Via Beata trail reaches Wales

A couple of weeks ago, Lorie Lain-Rogers and I set off to find a route from Worcester Cathderal through to Hay-on-Wye, this time using a caravan.  This gave us more flexibility than using the motorhome as previously.

I had studied the long distance paths in this area and used three of them.  The Three Rivers Ride, the Three Choirs Way and the Wye Valley Walk.  The last two are available in printed form, and the first only online.

Over five days we travelled slowly west, either using a bus or taxi to reach our starting point, or by walking both ways.

The Talbot Hotel, Knightwick, Worcs.

Our first day took us to the village of Knightwick, by way of Lower Broadheath were Elgar was born.   The only difficult parts were the poor signage of the Three Choirs Way, and getting lost inside the Ankerdine Reserve.   The Talbot pub made a great final stop where I enjoyed their home-made lager and to which we returned for a meal that night.

The Chapel at Knightwick



A taxi took us back the next morning, and still following the Three Choirs Way, we quickly found ourselves in a beautiful little wood, the path lined with foxgloves.

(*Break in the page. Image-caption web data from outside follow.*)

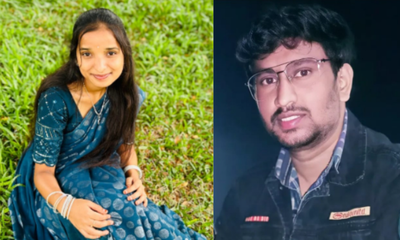 ಬೆಂಗಳೂರಿನಲ್ಲಿ ಯುವತಿಯನ್ನು ಭೀಕರವಾಗಿ ಕೊಲೆಗೈದ ಯುವಕ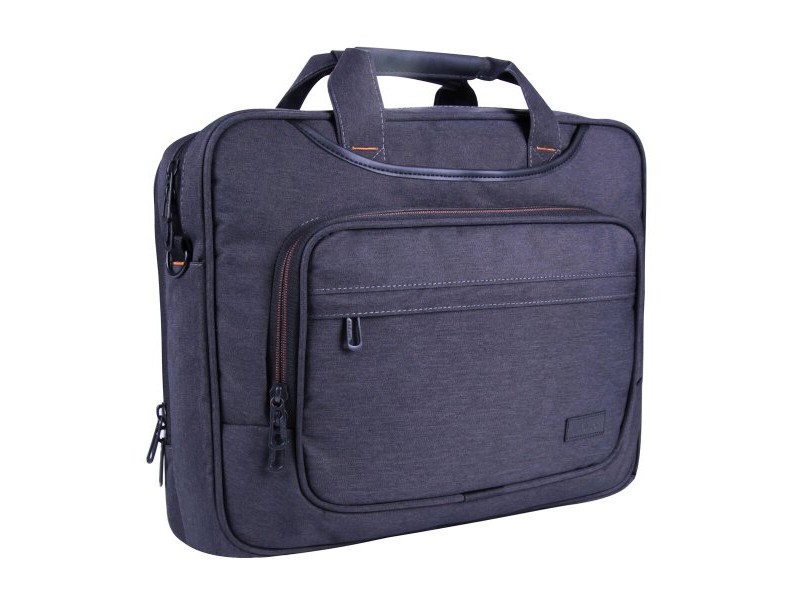 Чанта за лаптоп Addison 315015 Сив Монохромов 15,6''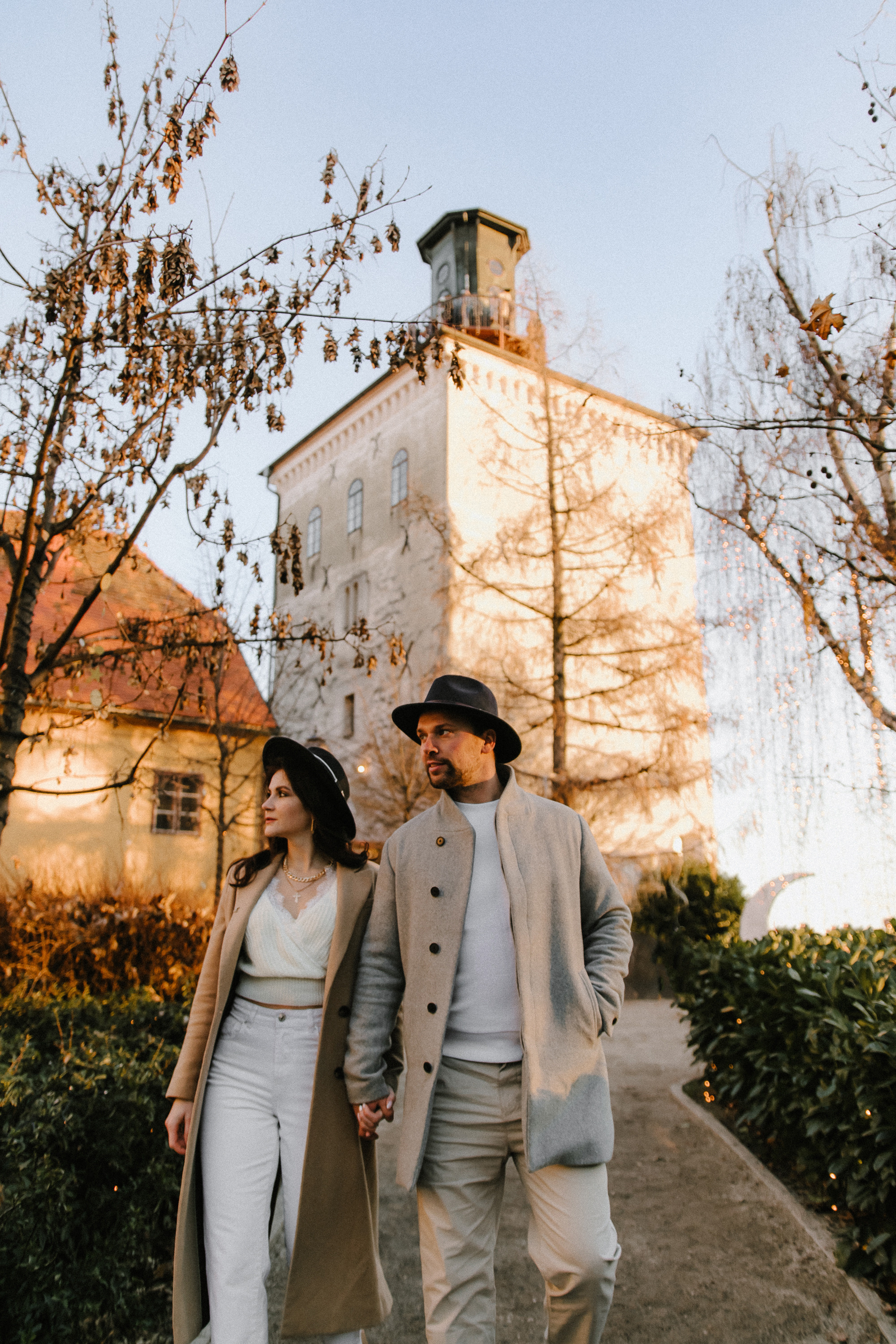 Olga and Luuk. Elena Gorobets. Photographer in Zagreb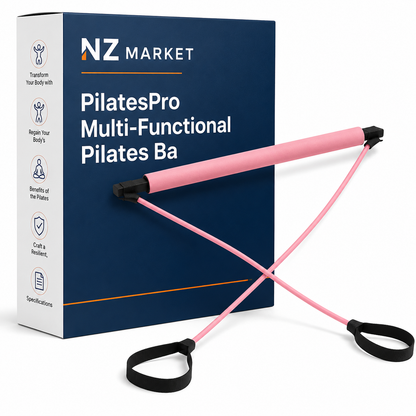 PilatesPro Multi-Functional Pilates Bar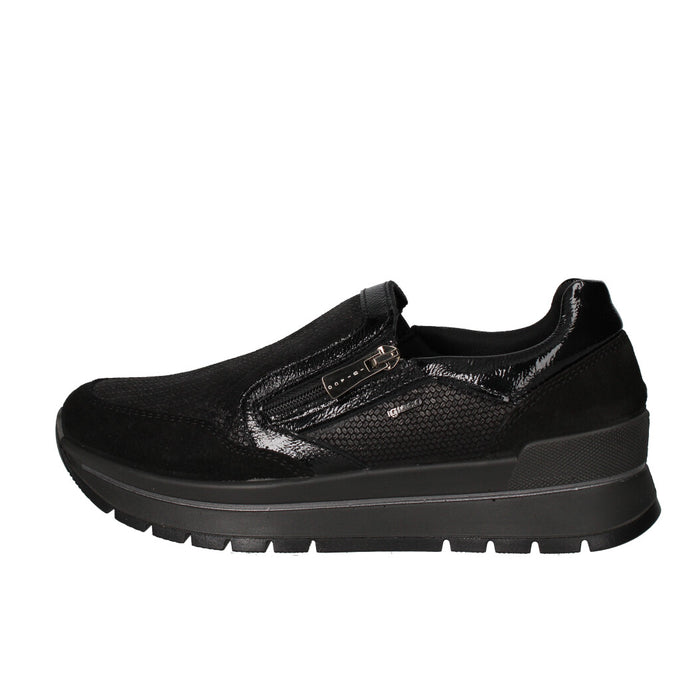 IGI&CO SNEAKERS Donna 6673700 NERO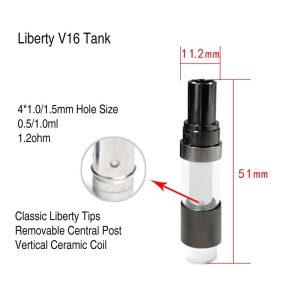 liberty V16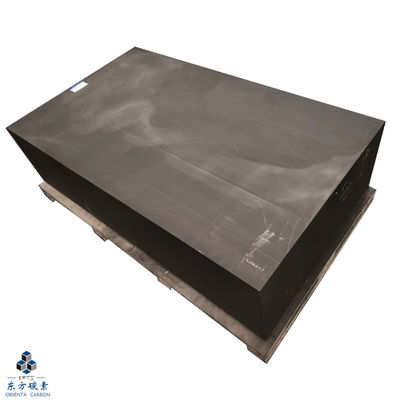 Isostático 1,82 G/Cm3 Bloco de Grafite para aplicações de alta resistência EDM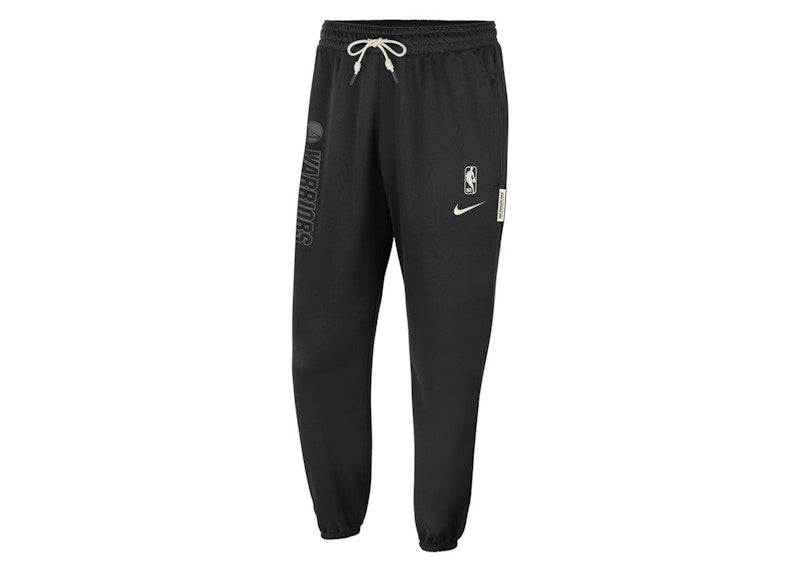 Nike Golden State Warriors Standard Issue Dri-Fit Pants Black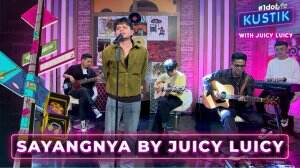 SAYANGNYA by JUICY LUICY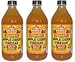 Bragg - Apple Cider Vinegar, 16 Oz (3 BTLS)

Foxglove lined path on the Three Choirs Way


While eating lunch in a meadow a couple of hours later, we saw a fox sunning himself, and not too bothered by us sharing his domain.   All went well till we took a wrong turning at Hawkings Farm, veering north instead of west.   This took us a couple of hours out of our way.   By 8.00 pm we were shattered, lost again and rescued by a friendly farmer who took us back to our car.  Note to self.  Never walk without a compass!

Day three and we decided to retrace our steps and cover the paths we had missed.  Parking at the Three Horse Shoes pub in Crowarne we walked down the green lane we had missed the night before, then onto the church at Marden.  Situated on the River Lugg it proved a great stopping place with an accessible loo, well-stocked bookshop and kitchen.   It has been a pilgrimage site since the 8th century when King Offa’s wife had King Ethelbert beheaded.  Following which there were stories of miraculous healings.

When I planned the route, I mistakenly thought that the Three Rivers Ride would be on quiet roads suitable for walkers as well as horses.  Big mistake.  Some of the roads carried quite a lot of traffic so I quickly re-designed the route avoiding those sections.

Knowing that we had to drive the caravan through Hereford to our last site, we had a late lunch before hitching up and leaving for Castlefields pub and caravan site.

So far, the walking had been very easy so walking east over Merbach Hill the next morning was a bit of a challenge, but well worth it for the views across the River Wye.  Once we descended to Bredwardine, we discovered another interesting church where Rev. Francis Kilvert, who wrote three well known diaries in the 18th century, had been the vicar.  As there were no buses we had decided to walk east towards Byford, then retrace our steps.  However, a lovely woman we met in the church kindly offered to pick us up from there and drive us back to our site.  Not only did she do this, but she came with a goody bag of Herefordshire delights for our picnic the next day.

Our final day’s walk was to Hay-on-Wye, again using the well-signed Wye Valley Walk.






Views over the River Wye


This proved to be a delightful day, with views of the river, fields of sheep and cows.  By lunch time we were sitting on the waystation bench at the picnic spot. Just time for a quick ice-cream before we re-traced our steps, enjoying the sunshine and easy walking.




Over the five days exploration, we notched up four possible waystation locations, and have now reached Wales on our route west.